YOUR OBJECTIVE: Reproduce the listing below exactly, minus its pictures.

WORKING DATA:
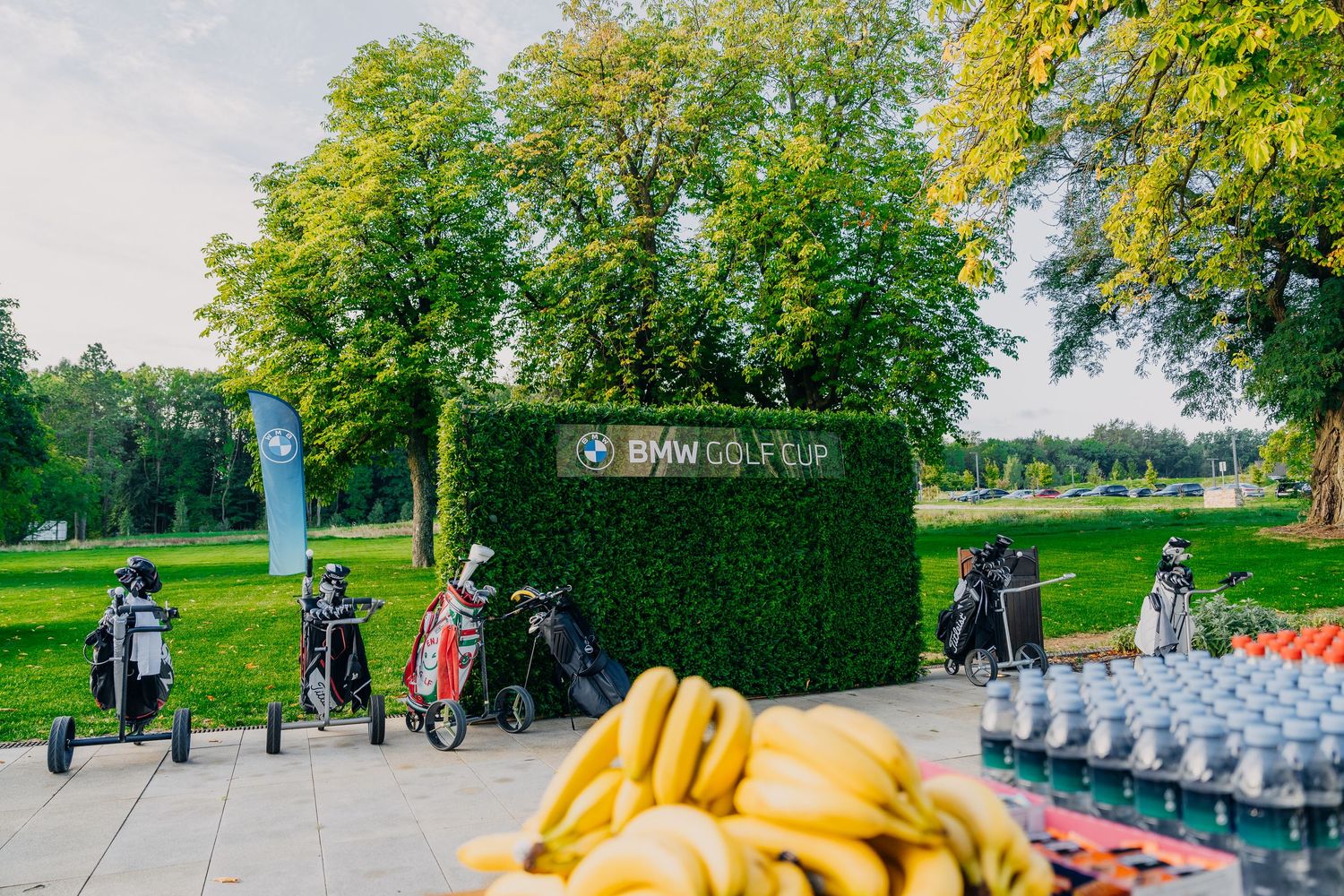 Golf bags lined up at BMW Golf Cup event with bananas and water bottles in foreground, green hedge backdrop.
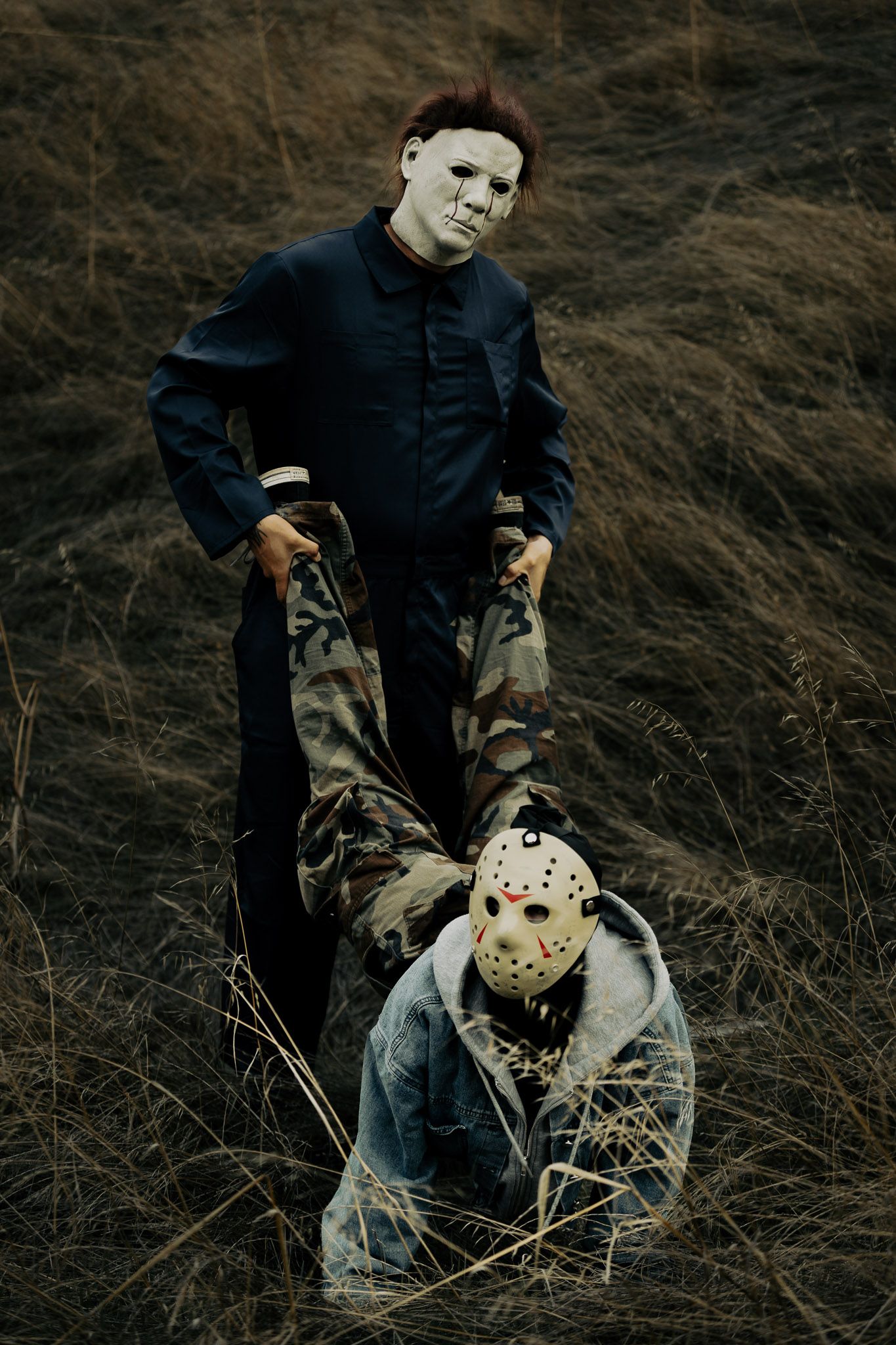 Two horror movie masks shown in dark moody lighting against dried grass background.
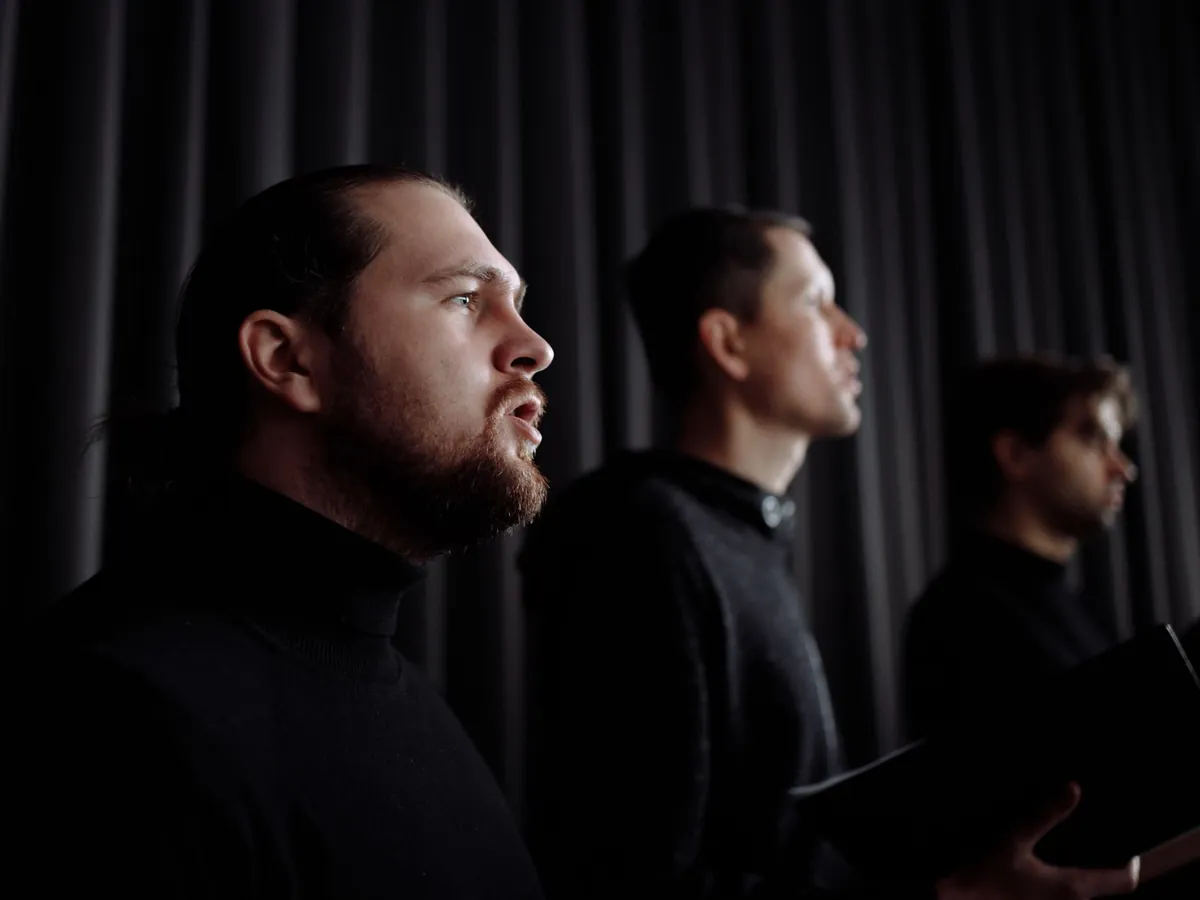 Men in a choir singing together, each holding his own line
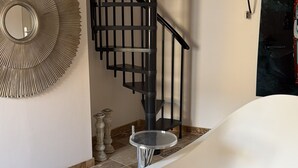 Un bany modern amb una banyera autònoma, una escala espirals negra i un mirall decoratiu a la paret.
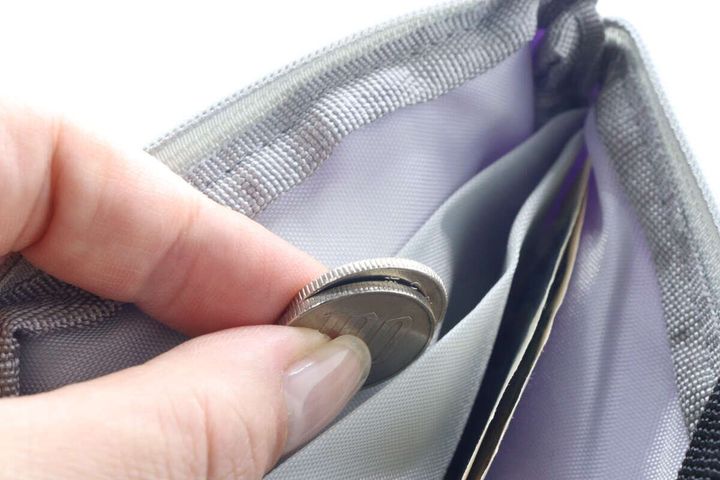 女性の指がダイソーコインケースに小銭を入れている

ANSWER AREA:
 Golf bags lined up at BMW Golf Cup event with bananas and water bottles in foreground, green hedge backdrop.
 Two horror movie masks shown in dark moody lighting against dried grass background.
 Men in a choir singing together, each holding his own line
 Un bany modern amb una banyera autònoma, una escala espirals negra i un mirall decoratiu a la paret.
 女性の指がダイソーコインケースに小銭を入れている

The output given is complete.